|
Hi I was reading the Boyd and Vanderberghi book on how one may implement line search. I wanted to use this method for a simple gradient descent algorithm(Section 8.7). For example for a Linear SVM I found this implementation, but could not quite understand it. Here is the regression type function the function is supposed to operate on: F = lambda * ||w||^2 + Sum_ {i} ((1- y_ i(w.x_i))^2) ; Grad = lambda * w + Sum_i(1-y _i(w.x _i))y _i*x _i ; H = lambda * I + Sum_ i ( x_ i * x_i') ; The function signature: function [t,out] = line_search_linear(w,d,out,Y,lambda) d is the newton search direction (H^-1*Grad for newton method) out is a vector of One's initially. Its supposed to be the Huber/hinge loss after this function exits. out = (1 - y_ i(w.x_i))^2. Here is my intuition with questions about what I dont understand: The body of the function: The notion seems to be restricting the its 1st and 2nd derivatives along a line. Meaning projecting everything on a line(looks like a simple dot product). Line 7 is projecting all the points and line. For the main loop I am not able to connect the mathematics in the book and the implementations.. Could some one explain this lucidly? I wanted to understand this and then do the same for a simpler Gradient descent algorithm. Thanks -Sid |
|
As B&V states, an exact line search is not a good idea in gradient descent algorithms, as they're almost always following a bad direction, usually it is better to finish the line search after finding any sufficiently big reduction in the objective. For the Newton method, however, and exact line search is better, as a Newton step is expensive and generally moves in a good direction. Even so you have two options: do an exact line search using the function f as the objective and doing an exact line search using the Newton approximation as an objective (and this latter can usually be found analytically). B&V is not a very good reference for unconstrained optimization methods. See Nonlinear Optimization by Bertsekas, but even Numerical Recipes can give you a clearer picture of what must be done with an exact and an inexact line search, and when to use either of them. I'm not good with matlab nor understanding random line search algorithms, so I'll let someone else intervene. For linear SVMs, however, you're probably better off either using a specialized optimizer or doing stochastic gradient descent (as in Pegasos) or an exponentiated gradient algorithm (I have no reference for the linear two-class SVM, but Bartlett, Collins, and Taskas Exponentiated gradient algorithms for large-margin structured classification and some other papers by the same authors are quite adaptable to this problem). |
|
Hello: Gradient Descent and Newton method are two ,albeit not entirely different, distinct methods.

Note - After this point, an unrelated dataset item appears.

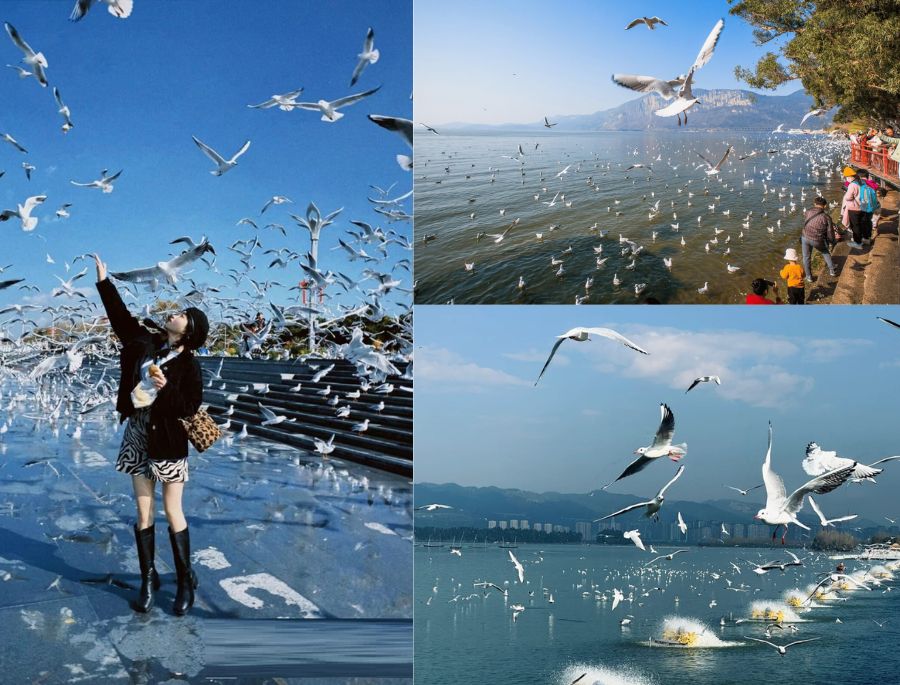 Hình ảnh du khách check in cùng những chú chim Hải Âu xinh đẹp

Gradient Descent is where you are basically trying to move on the direction of your control variable in order to move to the local minimum. Newthon method: it tries to approximate a function f via a linear function that is tangent to f at a current guess. I recommend you the first set of notes of the Machine Learning Lecture by Andrew NG, he explains both methods without introducing SVM's at all. |